That’s alright, but is it enough? We don't really get a bigger picture of our org here.

Some of the problems that really need solving are best known before they happen.

Imagine if we had a business critical batch process. What if the job drops off after a deployment? Would you have to wait until someone from the business calls the tech team’s manager to tell them that something’s not right?

On the other hand, even receiving email notifications at 2AM may be lost unless they can trigger your company’s Incident notification system.

What we need is a better monitoring system. Something that can track and alert us when our business processes fail, or better — before they are going to fail.

Properties of a good monitoring system

Let's try to understand what a good monitoring system should do. It should:

🔶
Store data
These are also called metrics in monitoring terminology.
🔶
Graphs
Provide a graphical representation of the metrics over time. We, humans, are far better at spotting trends visually than looking at rows of data.
🔶
Alerts
When things go wrong. Ideally, we should be able to define a set of rules to determine what is a failure and what to do in such a failure (send email, slack alert, etc.)

Using Salesforce as a monitoring system

Now, let’s see if we can use Salesforce.com itself as our monitoring system.

✅
Store data
The big advantage is that all the data/metrics are already within Salesforce.
🔶
Graphs
Whilst Salesforce offers us reports and dashboards, these are very basic and slow.
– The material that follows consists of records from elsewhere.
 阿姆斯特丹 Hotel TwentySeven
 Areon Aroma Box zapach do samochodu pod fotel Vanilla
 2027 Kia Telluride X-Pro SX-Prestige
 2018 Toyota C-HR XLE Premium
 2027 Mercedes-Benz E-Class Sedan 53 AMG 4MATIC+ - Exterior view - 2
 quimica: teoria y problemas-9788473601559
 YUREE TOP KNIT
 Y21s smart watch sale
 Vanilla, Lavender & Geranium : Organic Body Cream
The ability to embed one graph over the other, or have tags with release versions on them is not supported and we’d have to resort to building it all ourselves using external leaflet.js libraries.
❌
Alerts
There is no out of the box alerting feature that supports what we want. Whilst we can build some ourselves, it’ll be really complicated to write alerts like “Alert us on Slack when there is no Account created in the last 30 mins during business hours”. We can maybe look at periodic 30 min intervals, but rolling 30 mins — nah, we’d have to build a complex system.

Building this in-house is not only a big project, but one that takes too long. Why should we spend so long when there are monitoring systems that do this for us?
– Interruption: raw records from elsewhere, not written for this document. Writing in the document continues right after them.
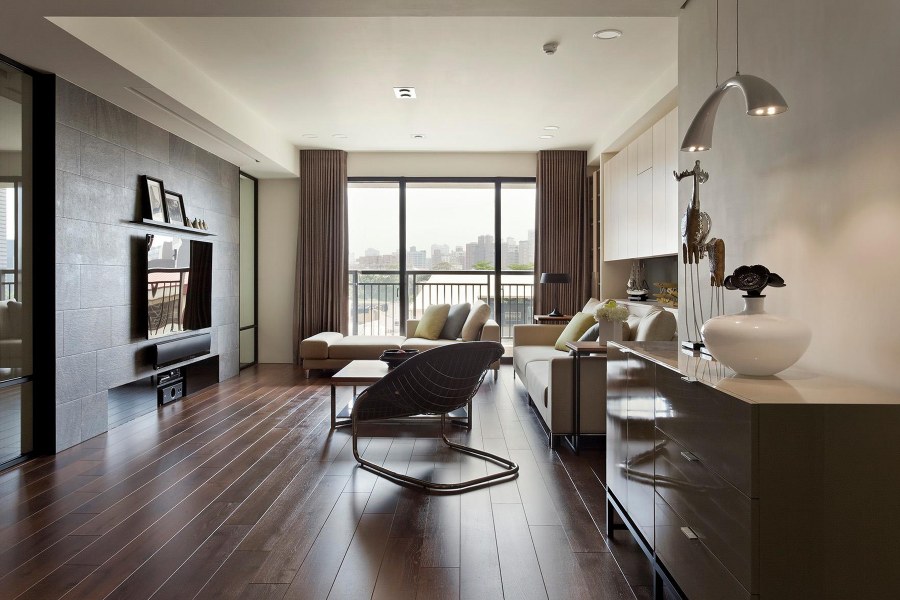 Современный интерьер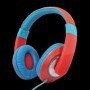 Casti cu microfon trust sonin kids headphones - red  specifications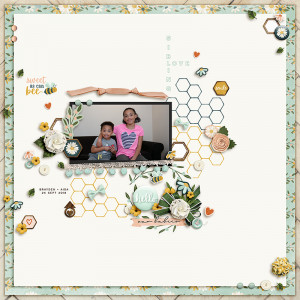 our babies | sept 2018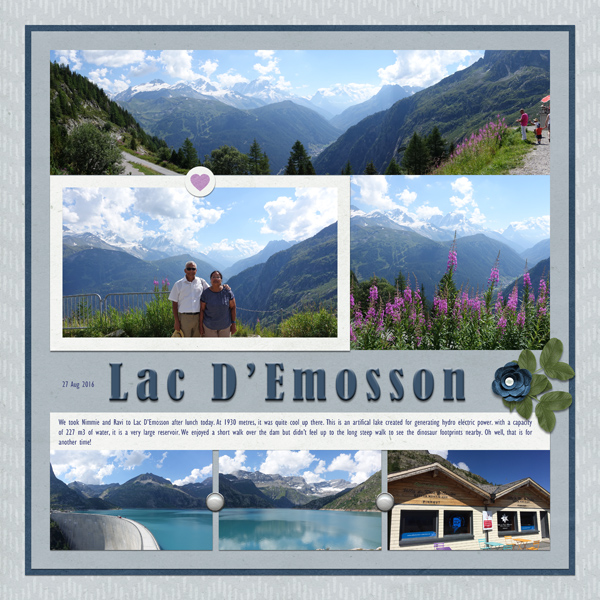 Lac D
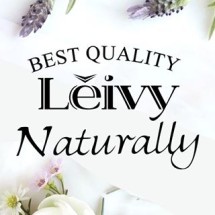 Logo Leivy Naturally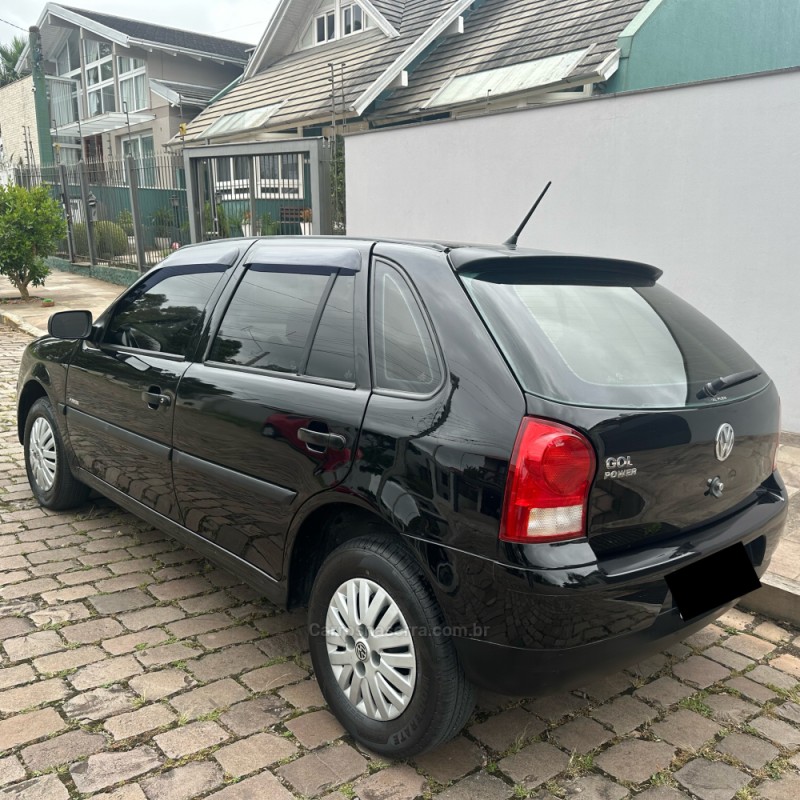 GOL 1.6 MI 8V FLEX 4P MANUAL - 2006 - BENTO GONçALVES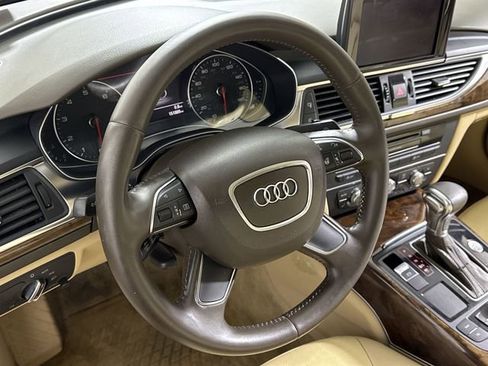 Used 2013 Audi A6 3.0T Premium Plus image 19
Introducing Prometheus: an open-source monitoring and alerting system

Prometheus is one of the many monitoring and alerting applications out there that fits our bill. Others that you can check include Nagios, InfluxDB, Graphite, to a name a few, but we’ll go ahead with Prometheus as an example.

We’ll install Prometheus with Grafana (for graphs) and Alert Manager (for alerting) but don't worry, they are bundled together.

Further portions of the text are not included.